At the larger philosophical level of this issue, it's really a co-evolution. Like the moth and bat, or armor and armor-piercing ammo, every attempt to inflict damage will be met with better devices to avoid damage, which in turn will be challenged with more powerful weapons to inflict damage, and so ad infinitum.
I can see the Obama crowd employing this technology on the airwaves censoring words like liberty, excess taxation, socialism, conservatism, spreading the wealth, income redistribution etc. I’m sure the Chinese government will find this technology equally as useful.
Techies quick, bureaucrats slow.
If I understand the concern correctly, the fear is that this technology would be used to say change the words spoken on his show as Rush Limbaugh conducts a broadcast. IMHO, there is almost NO WAY this can work effectively and undetected by the listener. First, you would have to replicate his voice, which while not impossible, would be quite a chore to do for all his callers on the fly. Second, trying to edit speech effectively and substitute words without losing the pace, pitch, ambient noise and studio timbre, and emphasis of the sentence is not easy. What would happen if he makes a comment over a caller’s voice while the other person is speaking? How does the technology match the tonal quality and sound levels of both voices? I think in short order people would be able to ferret out when censorship has taken place.
My granddaughter got a new phone on Thursday evening. Among other things, when you get a text message, the phone will “read” the message to you in audible voice if you select that feature. At that point, it’s just one small step to have software which EDITS messages and renders them POLITICALLY CORRECT.
Language adapts **FAR** faster than programmers can develop improvements to cognition software. I believe this curve will even steepen in future.

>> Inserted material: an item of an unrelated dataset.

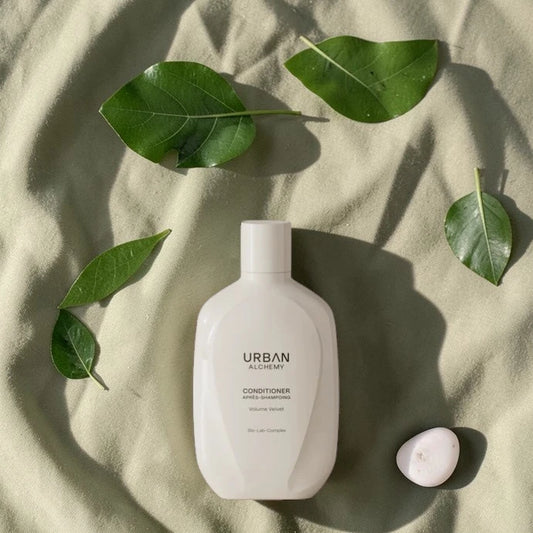 Bouteille blanche d’après-shampoing Urban Alchemy avec des feuilles vertes sur un fond en tissu beige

One thing for certain: we're going to see an exponential expansion of abbreviations and acronyms, some of which will be entirely context-sensitive...and thus require even higher levels of capability for machine recognition and cognition. We're nowhere -- NOWHERE -- near that sort of capability now. The ultimate preventive of ''master censorship'' software for the spoken word is context-sensitivity. Another poster in this thread made fun of this very point with the ''tufted titmouse and cockatoo'' post.
Techies quick, bureaucrats slow.
How much did Barry Pay off Gates for this?
They both need to burn in Hell forever.
I wonder how this software will deal with the word “niggardly”?